• _DATA RECORDS_
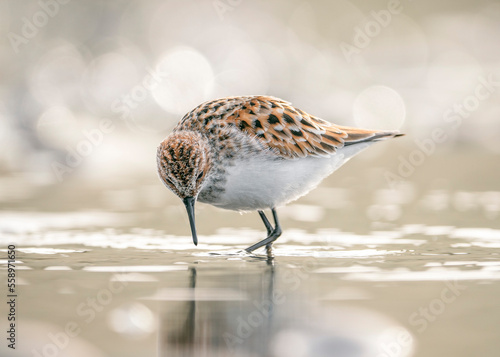 Little stint (Calidris minuta or Erolia minuta), is a very small wader of the Scolopacidae family. Little stint on the shore of the lake hunts for prey in a typical biotope. photo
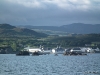 20100729_HenrykeVII_0051 20100729_HenrykeVII_0051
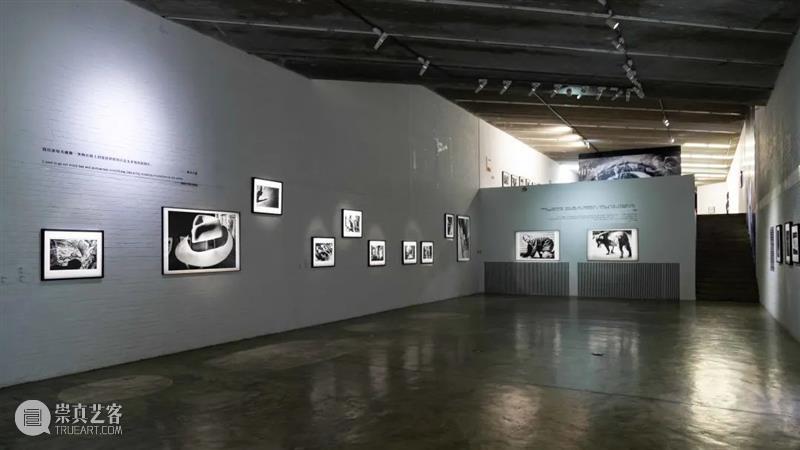 荣荣&映里荣获2022年“日本写真协会国际奖” 崇真艺客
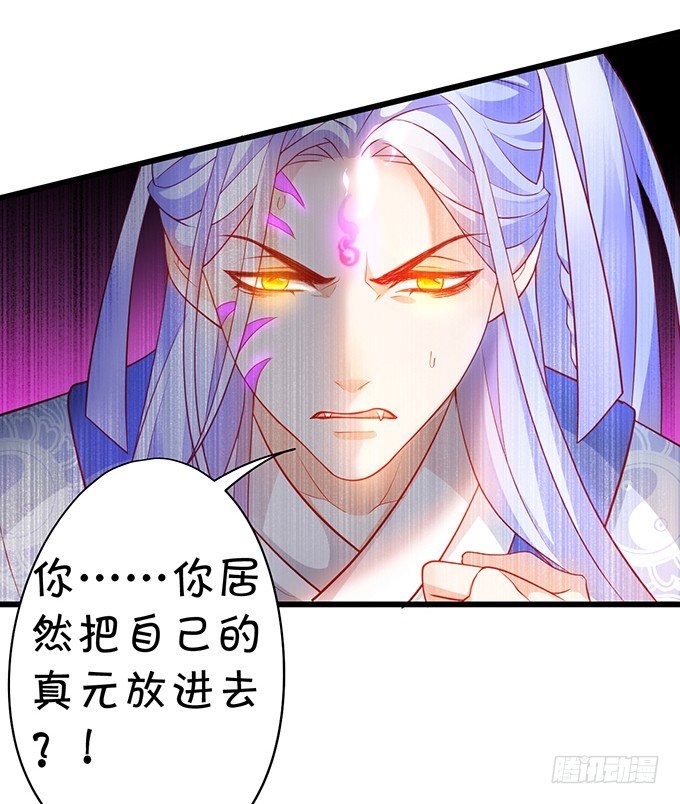 小兔子，你不能有事！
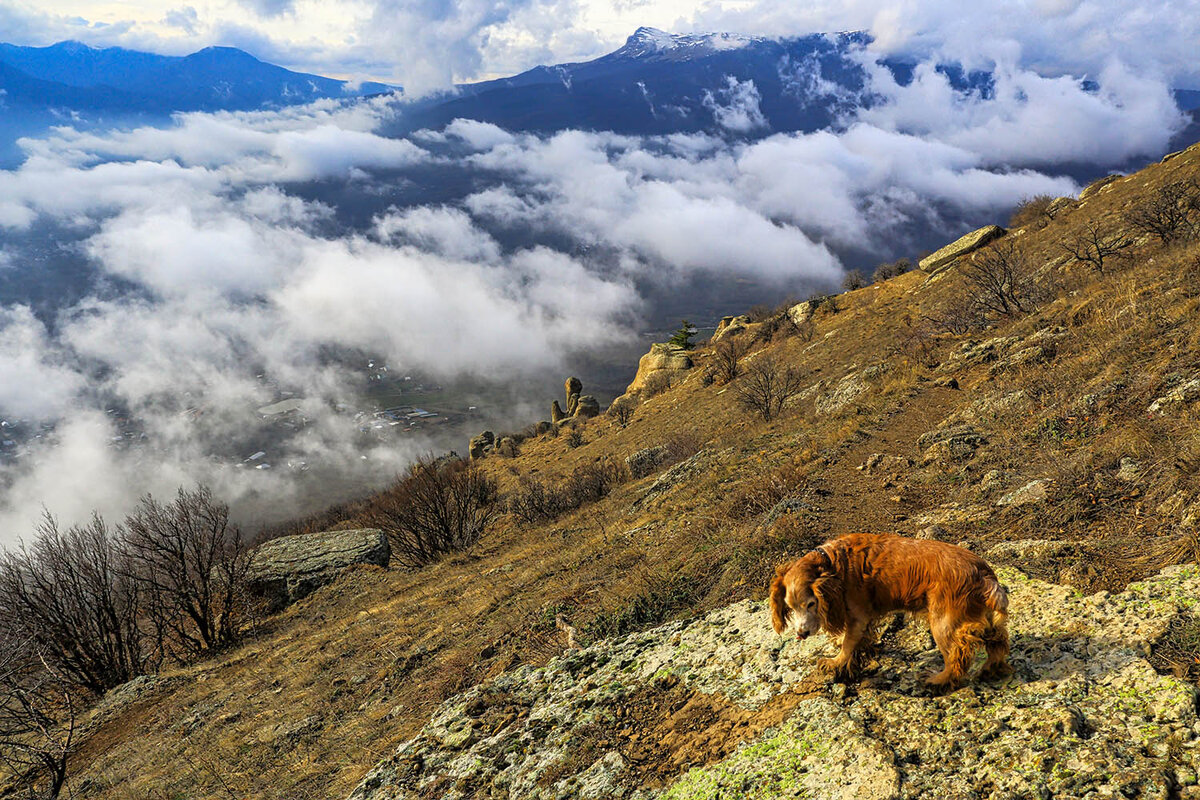 Собака туча. Алуштинская Долина. Гора собака в Крыму. Долина собака.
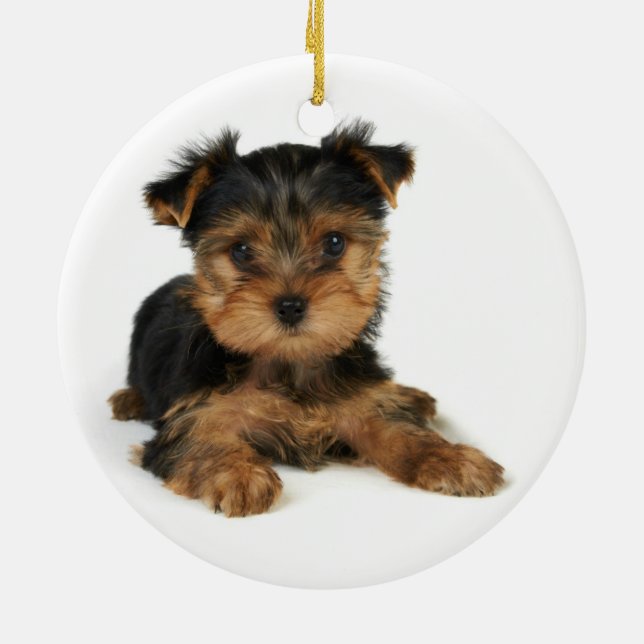 Nice yorkie ceramic tree decoration (Back)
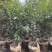 正宗奇楠沉香树苗嫁接奇楠沉香小苗南方北方种植盆栽常绿名贵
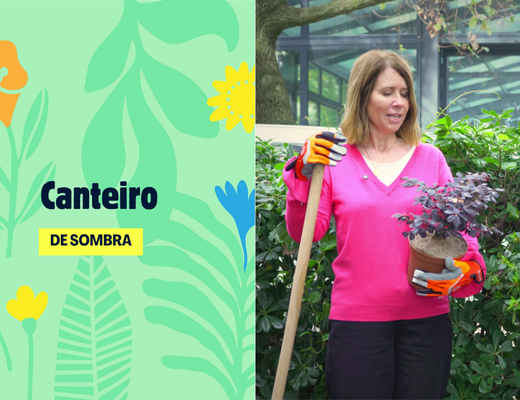 capa do vídeo canteiro de sombra, patrocinado pela husqvarna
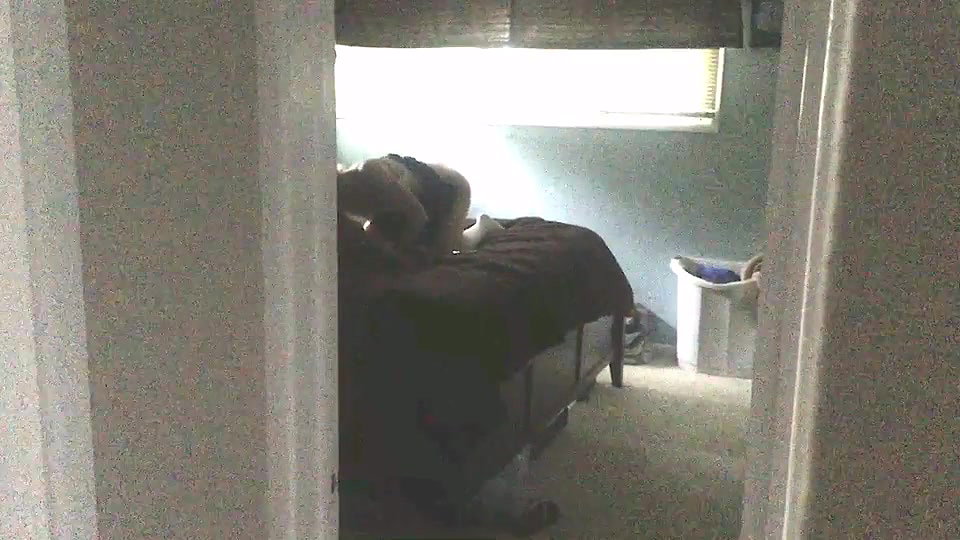 Shameless Cuckolding Wife Brittany Bardot Is Thirsty for Cum_fd1b0ad5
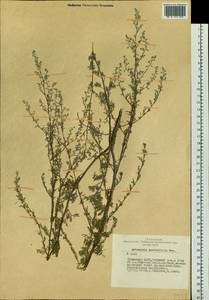 Artemisia anethifolia Weber ex Stechm., Siberia, Altai & Sayany Mountains (S2) (Russia)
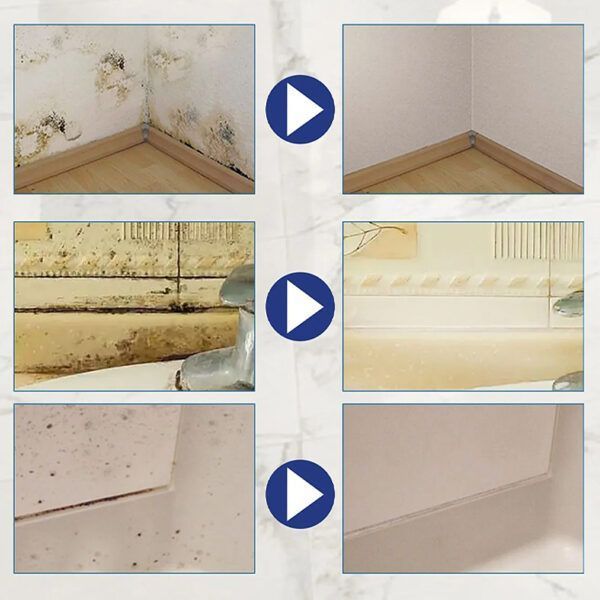 Mold Remover Spray_0010_Layer 1.jpg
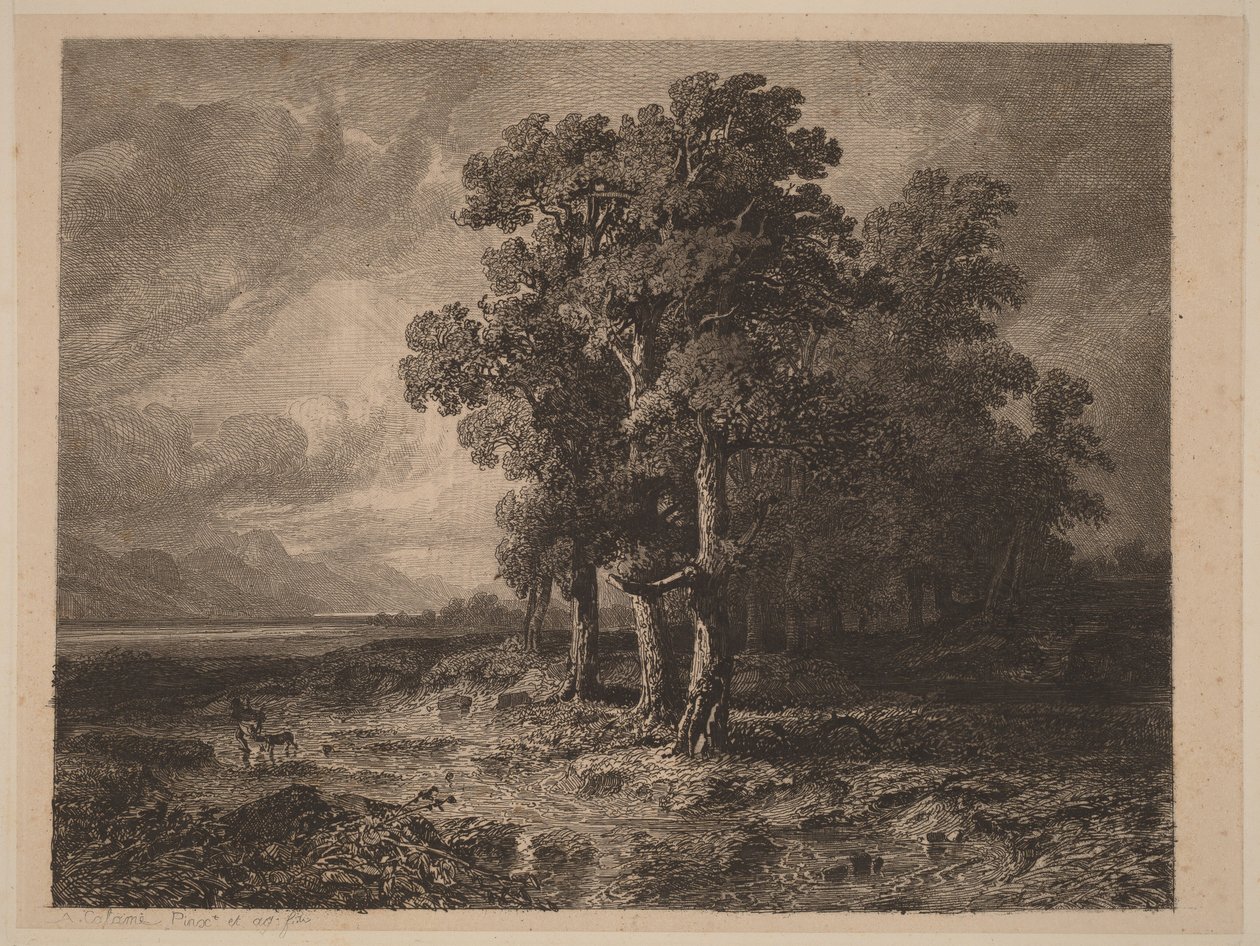 Drzewa podczas burzy autorstwa Alexandre Calame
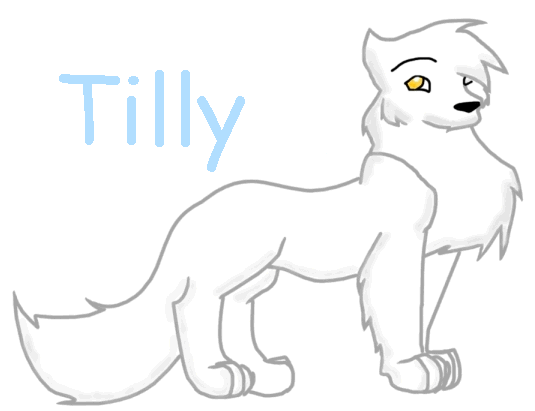 Tilly.gif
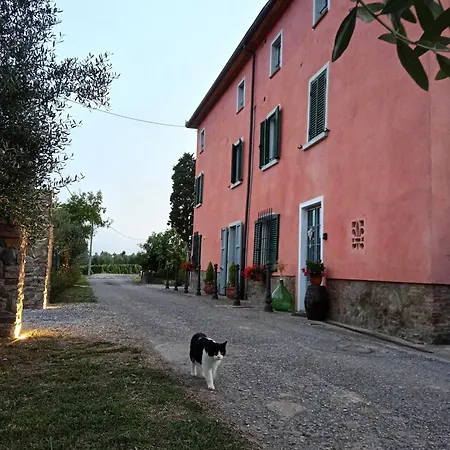 Casale - La Di Leda *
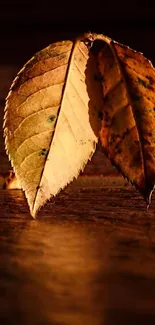 Autumn leaves resting on warm wooden surface.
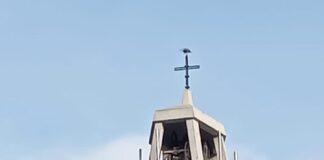 Santa Maria Mole, Ambrogiani(Pd): “No antenne su campanile chiesa: ascoltare comunità”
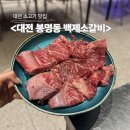 146 | 대전 봉명동 소고기 <백제소갈비> 소금 왕갈비 후기 회식장소 추천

• _PROBLEM REQUIREMENTS_
Starting at the line that contains "Casale - La Di Leda *", retype each line through the final one in the listing, with both ends kept and the pictures omitted.

• _WRITTEN SOLUTION_
 Casale - La Di Leda *
 Autumn leaves resting on warm wooden surface.
 Santa Maria Mole, Ambrogiani(Pd): “No antenne su campanile chiesa: ascoltare comunità”
 146 | 대전 봉명동 소고기 <백제소갈비> 소금 왕갈비 후기 회식장소 추천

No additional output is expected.